Was können wir dann erwarten?
Deutschlands Minister Wolfgang Schäuble hat sehr pointiert formuliert, dass sich Europa keiner Illusion hingeben sollte: Es seien keine hohen Wachstumsraten in Sicht, sondern wir sollten einen ausreichenden Grad nachhaltigen Wachstums anstreben. Das ist ein hochinteressanter und sehr deutscher Gedanke: Die Deutschen denken immer auf lange Sicht voraus, wodurch die Gegenwart zur Episode wird. Man könnte dagegenhalten, wenn man mitten in einem Sturm ist, zählt vor allem die kurzfristige Perspektive. Aber man sollte es ernst nehmen, weil dieser Zugang den Deutschen gute Dienste geleistet hat.

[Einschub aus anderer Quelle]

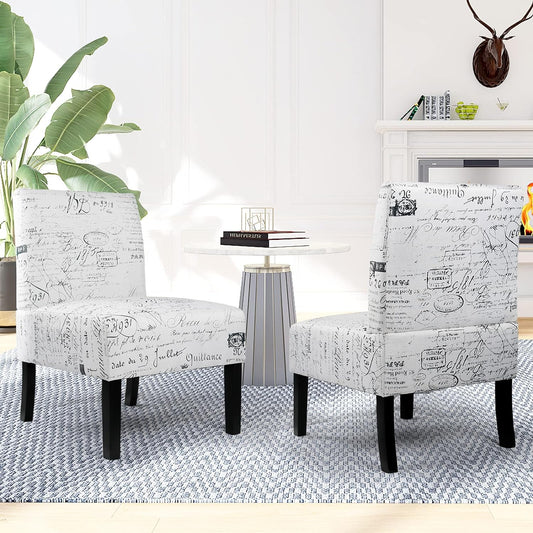 LAZZO Modern Fabric Armless Accent Chair Set of 2, English Letter Print White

Was kann Europa für mehr Wachstum unternehmen?
Wir müssen unser geringes Wachstumspotenzial steigern. Selbst wenn man dem Rat von Paul Krugman (US-Nobelpreisträger, Anm.) folgt und massiv Geld in die Wirtschaft pumpt, würde das rasch an der Wand des geringen Potenzialwachstums abprallen. Steigern können wir dieses nur mit Strukturreformen.
Will man das nicht auf sozial und politisch inakzeptable Art tun, braucht es Zeit. Und es ist anfangs schmerzhaft und teuer. Ein gutes Beispiel ist Deutschland, das massive Reformen im Übergang von Kanzler Schröder auf Merkel durchgesetzt hat. Das hat lange gedauert, aber sich mit Wachstum und Arbeitsplätzen bezahlt gemacht. Auf mittlere Sicht müssen wir uns mit wenig Wachstum abfinden - etwas anderes ist die Rezession, aus der wir rasch rauskommen müssen.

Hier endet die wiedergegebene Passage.